As I Lived the Utopian Dream…. A Gift from an Elder Sister

She turned seventeen last year, a figure of prime importance to my younger sister as this meant she was just a year away from her much-awaited adulthood.

I knew I had to make it extra special for her, so I decided to take a three-week backpacking trip to the Himalayas, a trip which would graduate both of us to travelers. We both had nurtured the dream of backpacking in the Himalayas since a long time and Spiti had to be our first destination due to its arid and mountainous relief features.

Although, the initial leg of our journey was quite smooth, the real test of mettle began once we were exposed to the revolting Spitian conditions. Here, we were vulnerable to the might, the grandeur and the beauty of the vista. The humongous scale of the mountains made us feel as small as ants and gave us a thorough reality-check by teaching us the insignificance of our chase of hedonistic pleasures in our lives as we were engrossed in a greater reality then-our survival in the inhospitable, harsh conditions of Spiti.

As none of us are proficient earners, we traveled in an extremely skimpy budget. We would walk and trek for hours, skip meals and survive on a packet of Snickers – which we had packed before setting on our journey- and would change our itineraries everyday as our wallets lacked lustre.

The Spitian mountains took us to the primeval way of life as we struggled to find food, water, civilization and shelter in a scantily-populated region. Undoubtedly, this trip pushed us to the very limits of our abilities.

The trip to Spiti was one of introspection and reincarnation. The destinations were glorified by the impulsive changes in plans and the impromptu turn-of-events in our journeys at the very last minute.

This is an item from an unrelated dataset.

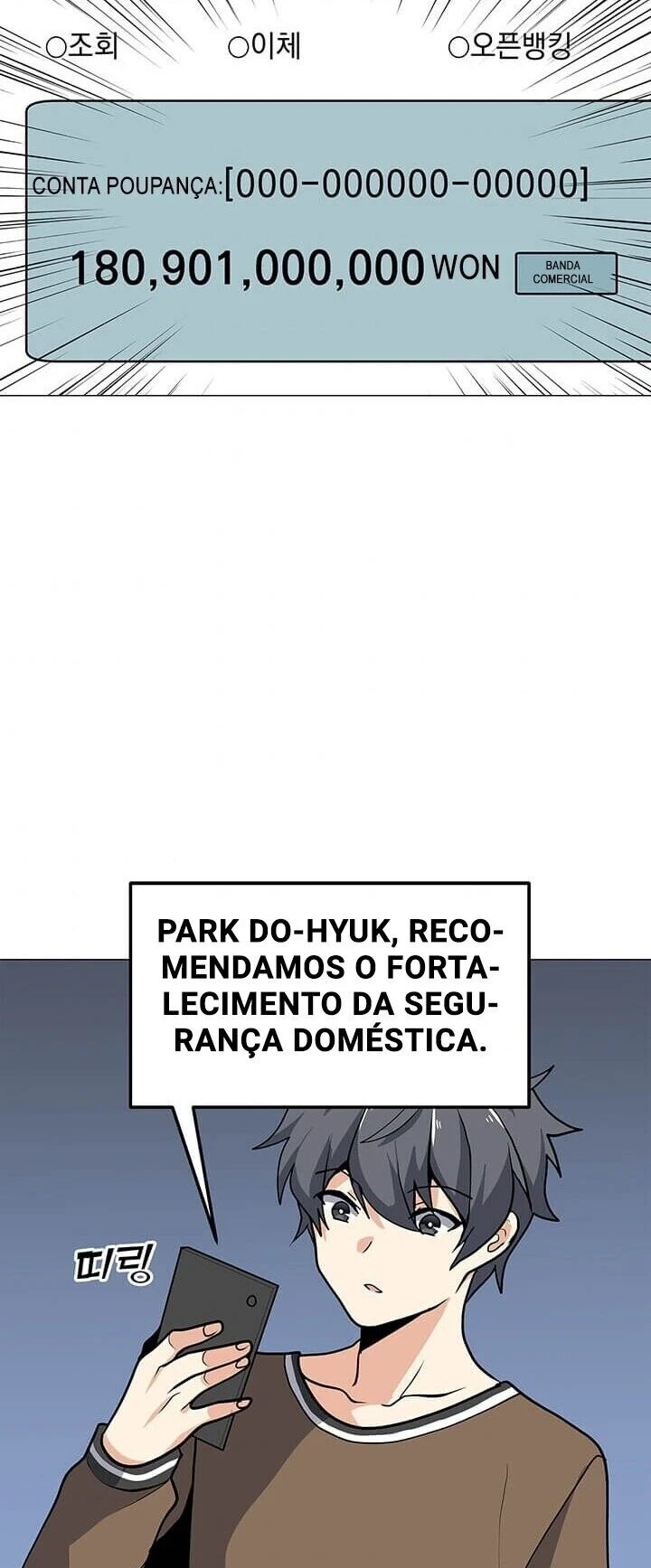 Read O Conjurador Solitário PT Manga Online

Being novice travelers, we did have our fair share of immature decisions taken at the heat and the passion of the moment only to realize the scale of our fault later, including a 26 km-long walk from Komic to Kaza. The walk had almost drained the life out of us due to thirst, hunger and a possible vulture and eagle attack. But what we achieved was a deeper insight into Nature as we walked in the midst of the haven of the fauna of Spiti – spotting Himalayan Blue Sheep, Himalayan Sheep Bharal and Mountain Goats dotting the landscapes – and learnt to follow the course of the trails left by the local shepherds.

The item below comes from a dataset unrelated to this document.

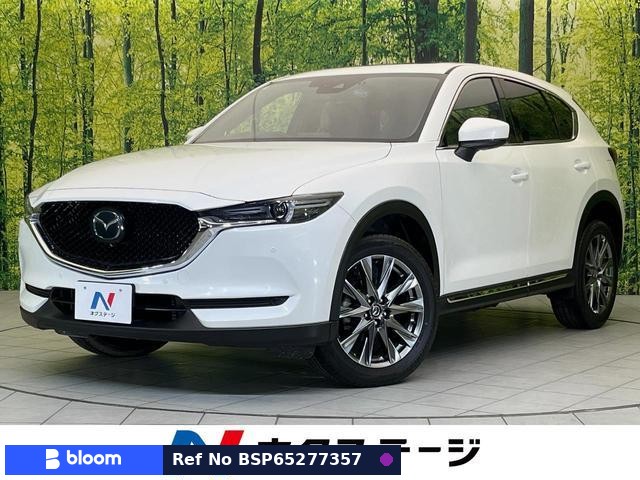 2019 Mazda CX-5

Even the young fool in us was set free as we went berserk collecting fossils in Hikkim to be brought back as prized souvenirs, only to realize later in the walk about the added weight to the already 16 kg-heavy backpack.

Our journey did not end at Kaza that day, as we took the evening bus to reach Kibber, our next destination.

Spiti is a treasure-trove for travelers and to explore it with the closest person in your life can be ethereal.

Now when I look back at my trip, I often relate to the memory of a face that had the same expression of joy, of awe and of exhilaration as I had throughout my travel. The extraordinary nights I spent stargazing, the sublimity of the pristine Chandra Tal, the awe-inspiring grandeur of the mountains, the surrealism of the psychedelic vista, the beating sun, the bone-chilling cold, the mechanical toil of the climbs and the bruises suffered, the king-like feast after a two-day long hunger would not have been as enriching if I did not have someone to share these with.

As I lived the Utopian dream of living the life of a mountain-inhabitant for three-long weeks, I was swept over by a seventeen-year old braving the untamed mountains and venturing into the remotest of places of the country, only to emerge out stronger with every challenge.

One such evening in Komic while watching the changing hues of the setting sun paint the mountains, I was teary-eyed for I had perceived a divine bond with the Absolute. The person sitting next to me had her eyes fixed somewhere in the horizon, staring deep into the void, sobbing softly. We didn’t look at each other, neither did we say anything but I could hear the most beautiful words resounding in my sister’s silence.